Arfarf: "The potentially troubling question is why the others didn't get death."
I am fond of this comment to the Charlotte Observer:
(mytemp001): "If you want to use stats go ahead. Only one caveat: if there is a [bias] it should be corrected to make sure more cold-blooded murders die, not less."
Posted by: Adamakis | Jan 9, 2012 2:52:03 PM
So Doug, you are fine with a situation where, for decades, counties X, Y, and Z have 0 death sentences a year, while counties A and B have, say, 10 a year? (Assuming equal population and murder rates in each county)
I find it disturbing that life or death could depend so clearly on which side of a line your crime occurs, given that, within a particular state, all defendants are ostensibly subject to the same criminal law.

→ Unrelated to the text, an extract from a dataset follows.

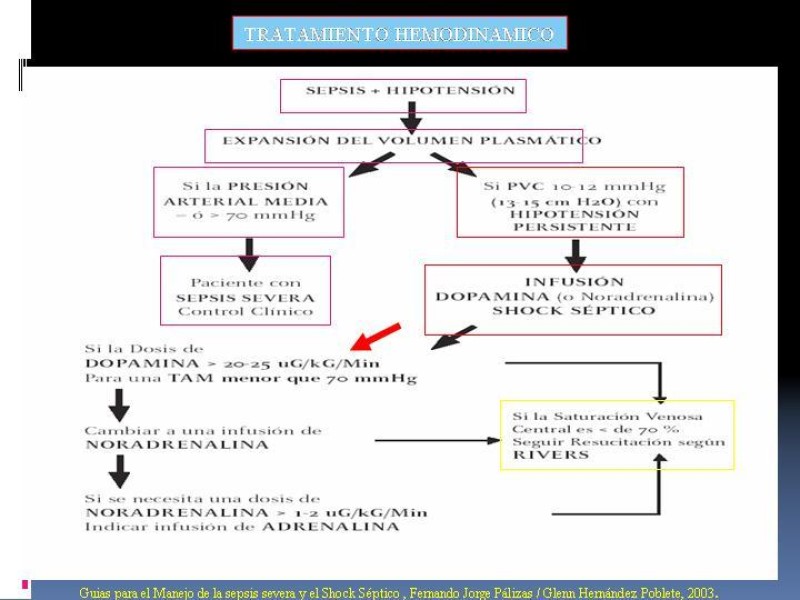 Diapositiva 46 de Shock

Posted by: Anon | Jan 10, 2012 12:16:14 PM
why not anon! we have the same problem over any number of diff crimes in this country depending on where your charged.
Posted by: rodsmith | Jan 10, 2012 2:16:03 PM
Anon --
I have always found somewhat odd the argument that, because the Commonwealth's Attorney in County A snoozes his way through the job and hands out irrational leniency, his counterpart in County B is required, by the Constitution no less, to have an equally lazy/indifferent/careless attitude. What case says that?